CVE-2022-48847 in Linux
Summary
by MITRE • 07/16/2024
In the Linux kernel, the following vulnerability has been resolved:
watch_queue: Fix filter limit check
In watch_queue_set_filter(), there are a couple of places where we check that the filter type value does not exceed what the type_filter bitmap can hold. One place calculates the number of bits by:
if (tf[i].type >= sizeof(wfilter->type_filter) * 8)
which is fine, but the second does:
if (tf[i].type >= sizeof(wfilter->type_filter) * BITS_PER_LONG)
which is not. This can lead to a couple of out-of-bounds writes due to a too-large type:
(1) __set_bit() on wfilter->type_filter (2) Writing more elements in wfilter->filters[] than we allocated.
Fix this by just using the proper WATCH_TYPE__NR instead, which is the number of types we actually know about.

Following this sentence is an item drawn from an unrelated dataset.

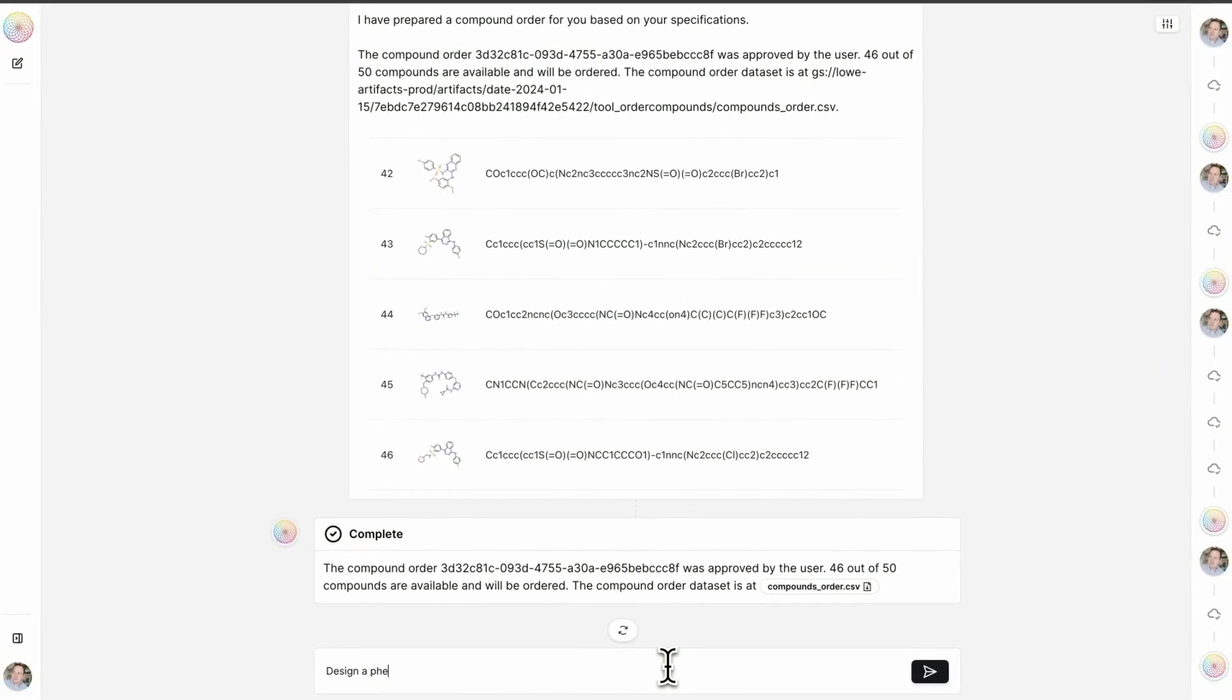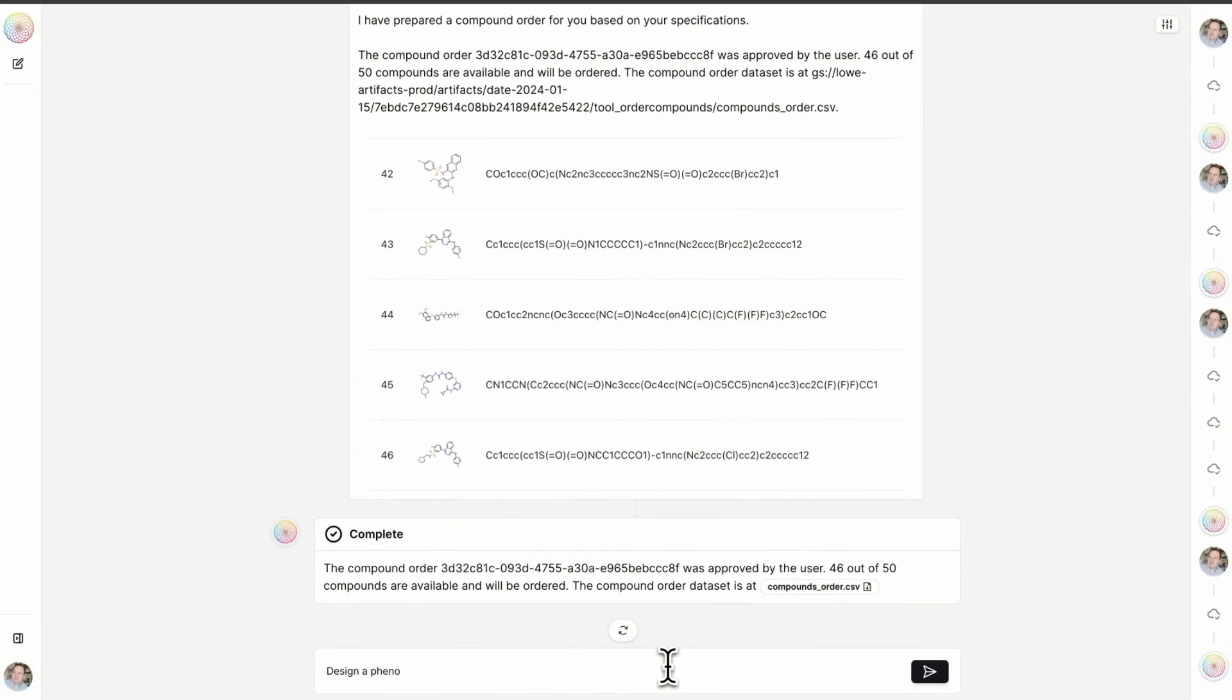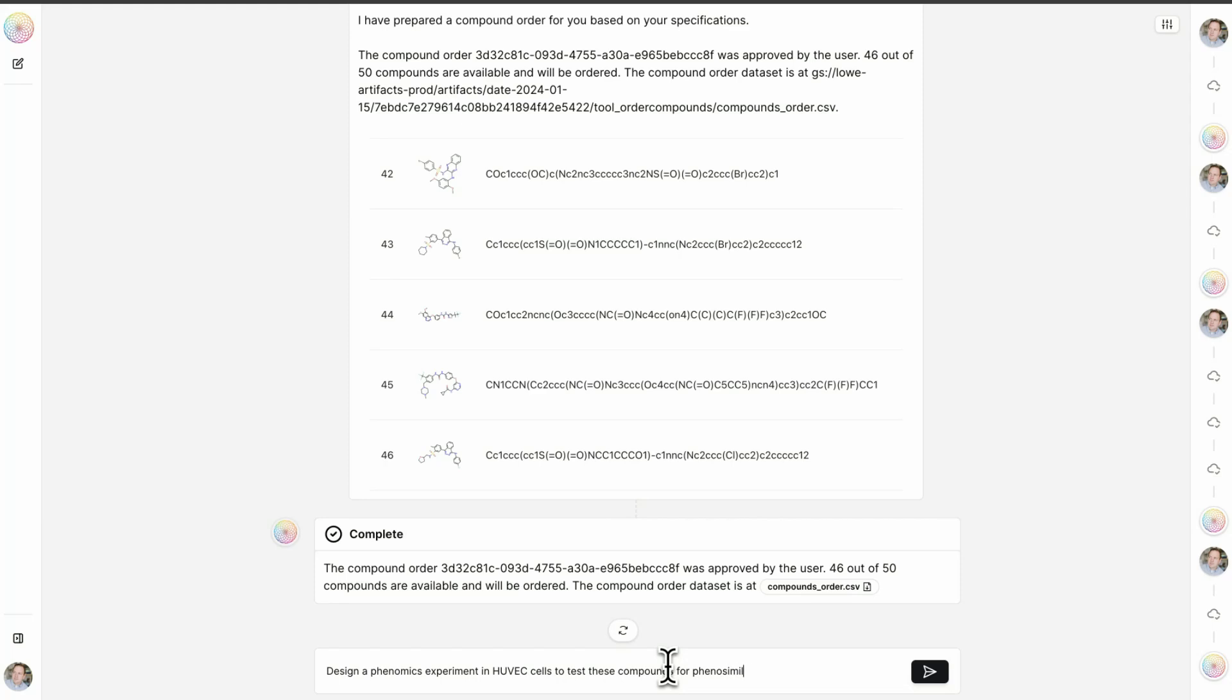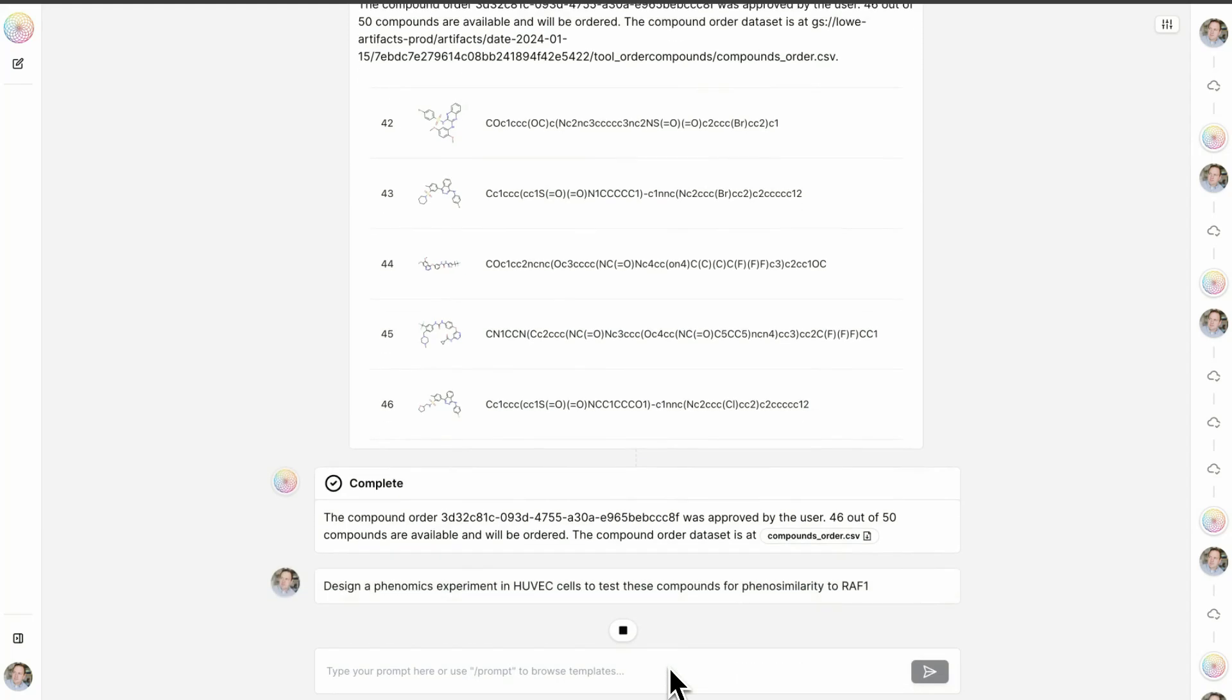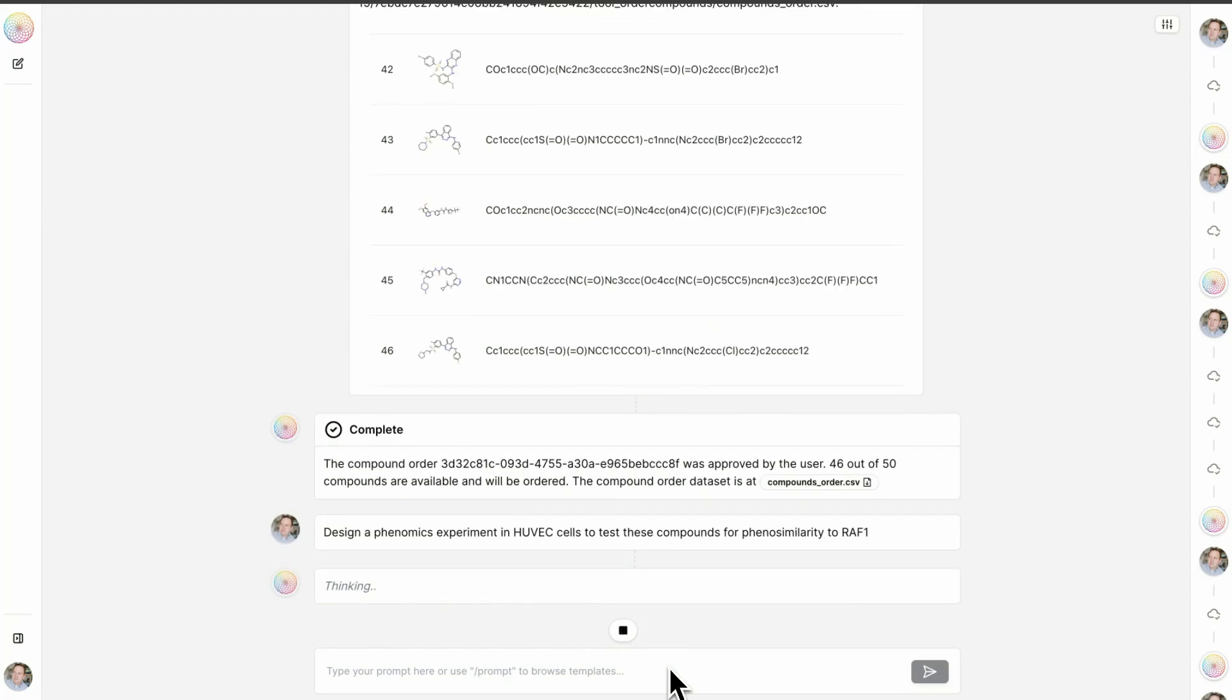Design a phenomics experiment in HUVEC cells to test these compounds for phenomic similarity. Perfect.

The bug may cause an oops looking something like:
BUG: KASAN: slab-out-of-bounds in watch_queue_set_filter+0x659/0x740 Write of size 4 at addr ffff88800d2c66bc by task watch_queue_oob/611 ... Call Trace: dump_stack_lvl+0x45/0x59 print_address_description.constprop.0+0x1f/0x150 ... kasan_report.cold+0x7f/0x11b ... watch_queue_set_filter+0x659/0x740 ... __x64_sys_ioctl+0x127/0x190 do_syscall_64+0x43/0x90 entry_SYSCALL_64_after_hwframe+0x44/0xae
Allocated by task 611: kasan_save_stack+0x1e/0x40 __kasan_kmalloc+0x81/0xa0 watch_queue_set_filter+0x23a/0x740 __x64_sys_ioctl+0x127/0x190 do_syscall_64+0x43/0x90 entry_SYSCALL_64_after_hwframe+0x44/0xae
The buggy address belongs to the object at ffff88800d2c66a0 which belongs to the cache kmalloc-32 of size 32 The buggy address is located 28 bytes inside of 32-byte region [ffff88800d2c66a0, ffff88800d2c66c0)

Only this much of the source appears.